Brachyurophis approximans
- Conservation status: Least Concern (IUCN 3.1)

Scientific classification
- Kingdom: Animalia
- Phylum: Chordata
- Class: Reptilia
- Order: Squamata
- Suborder: Serpentes
- Family: Elapidae
- Genus: Brachyurophis
- Species: B. approximans
- Binomial name: Brachyurophis approximans (Glauert, 1954)
- Synonyms: Rhynchoelaps approximans Glauert, 1954; Simoselaps approximans Mengden 1983;

= Brachyurophis approximans =

- Genus: Brachyurophis
- Species: approximans
- Authority: (Glauert, 1954)
- Conservation status: LC
- Synonyms: Rhynchoelaps approximans Glauert, 1954, Simoselaps approximans Mengden 1983

Species of Australian snake

Brachyurophis approximans, also known as the north-western shovel-nosed snake, is a species of mildly venomous burrowing snake that is endemic to Australia.
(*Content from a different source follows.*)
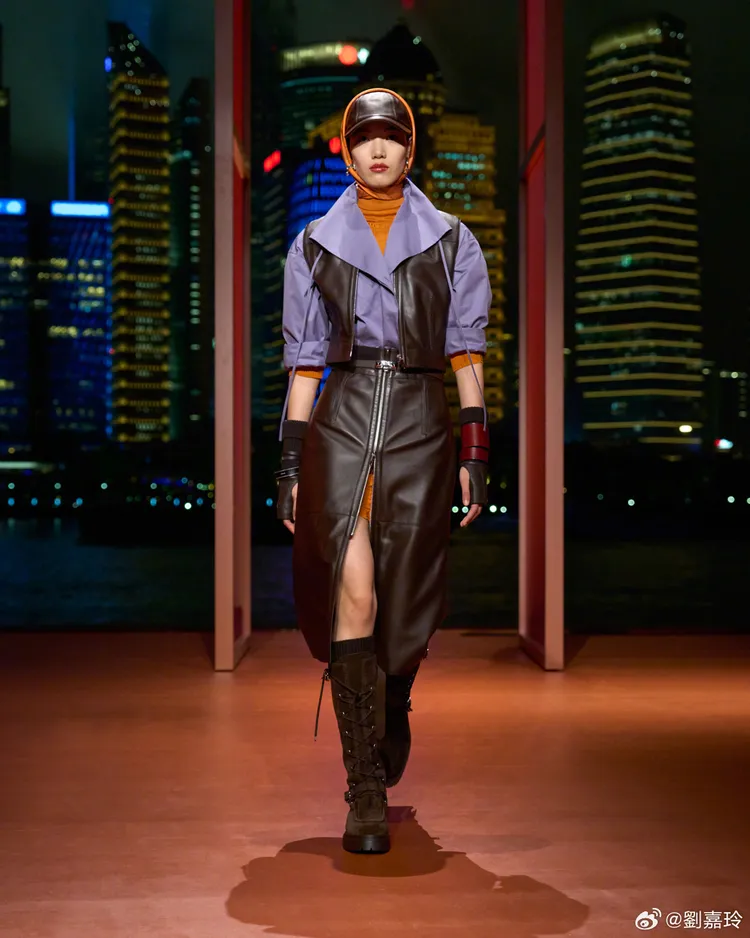 愛馬仕在上海舉辦2025秋冬系列第二篇章發表。翻攝劉嘉玲微博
The specific epithet approximans ("approaching") alludes to its similarity to Brachyurophis campbelli.

==Description==
The species grows to about 30 cm in length. There are some 50–80 dark brown bands along the body, much broader than the pale bands separating them. The belly is whitish.

==Behaviour==
The species is oviparous, with a clutch size of three. It feeds on reptile eggs.

==Distribution and habitat==
The species occurs in the arid Pilbara and adjacent areas of north-west Western Australia, in stony soils vegetated with Acacia. The type locality is Muccan Station in the Pilbara.